I have completed 15 footprints and stories. It has felt most poignant when matching stories of children onto the footprints of children I know. What if some of these traumatic events really happened to my neighbours’ children? Or I start to put myself in the place of grandmothers of my age who are suddenly responsible for raising grandchildren as the intervening generation has been killed.
I have also made 3 papier mache beaches to put the footprints on. The concept is to represent the terrain which migrants have to cross, which is not just the difficult physical landscape, but also the difficulties of media attention, interpretation and prejudice, and the high financial costs.So I used some old rolls of un-printed newspaper, white and pink (financial section), and brown packaging paper for the papier mache base.
This was papier mache on an industrial scale. Through the shredding machine, boiled in a catering size pot, whizzed with a catering potato masher, to produce buckets and buckets of mache. I then mixed in shreds of printed newspaper to make flecks, and made batches of different colours.

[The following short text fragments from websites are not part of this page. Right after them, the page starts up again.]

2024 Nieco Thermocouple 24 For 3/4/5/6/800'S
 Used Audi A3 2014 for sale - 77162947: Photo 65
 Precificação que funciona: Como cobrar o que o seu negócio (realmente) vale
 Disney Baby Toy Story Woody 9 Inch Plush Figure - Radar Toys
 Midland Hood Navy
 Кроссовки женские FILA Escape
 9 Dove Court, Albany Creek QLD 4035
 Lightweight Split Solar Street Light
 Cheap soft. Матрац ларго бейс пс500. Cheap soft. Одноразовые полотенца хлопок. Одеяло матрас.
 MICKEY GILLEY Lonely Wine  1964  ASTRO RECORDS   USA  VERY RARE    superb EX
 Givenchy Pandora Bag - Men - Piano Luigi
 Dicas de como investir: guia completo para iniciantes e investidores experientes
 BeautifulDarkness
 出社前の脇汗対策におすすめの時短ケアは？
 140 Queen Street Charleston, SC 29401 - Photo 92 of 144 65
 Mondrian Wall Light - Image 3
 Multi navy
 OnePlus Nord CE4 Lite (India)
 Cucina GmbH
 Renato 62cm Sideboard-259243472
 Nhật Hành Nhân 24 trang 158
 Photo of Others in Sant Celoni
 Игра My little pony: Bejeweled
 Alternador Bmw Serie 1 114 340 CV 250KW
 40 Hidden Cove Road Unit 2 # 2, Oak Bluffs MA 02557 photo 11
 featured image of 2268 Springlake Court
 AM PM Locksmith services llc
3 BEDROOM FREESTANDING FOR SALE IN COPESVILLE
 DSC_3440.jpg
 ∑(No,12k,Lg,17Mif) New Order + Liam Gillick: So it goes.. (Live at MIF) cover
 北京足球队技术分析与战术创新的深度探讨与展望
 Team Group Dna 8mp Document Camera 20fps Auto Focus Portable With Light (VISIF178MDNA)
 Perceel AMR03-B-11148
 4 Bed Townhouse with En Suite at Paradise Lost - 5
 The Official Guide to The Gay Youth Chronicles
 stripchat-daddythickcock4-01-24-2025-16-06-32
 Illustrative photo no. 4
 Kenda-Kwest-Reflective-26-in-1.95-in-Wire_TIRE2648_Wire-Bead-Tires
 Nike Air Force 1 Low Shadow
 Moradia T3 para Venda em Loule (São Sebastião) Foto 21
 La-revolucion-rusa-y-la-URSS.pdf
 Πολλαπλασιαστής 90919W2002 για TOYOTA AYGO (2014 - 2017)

I cut out grey- board shapes and glued them to the wood base to make undulations on the beach, then covered this with flowing shapes of several colours of papier mache. I had to wrap the footprints in clingfilm so that they would not get wet again from the papier mache.
Luckily I have access to a boiler room where hot water is produced for a neighbourhood heating system. This room is always hot, so it made an ideal speed-drying room, as my time is fast running out. Speed-drying and the depth of mache in some places produced cracks, but I accept that as it matches the underlying idea.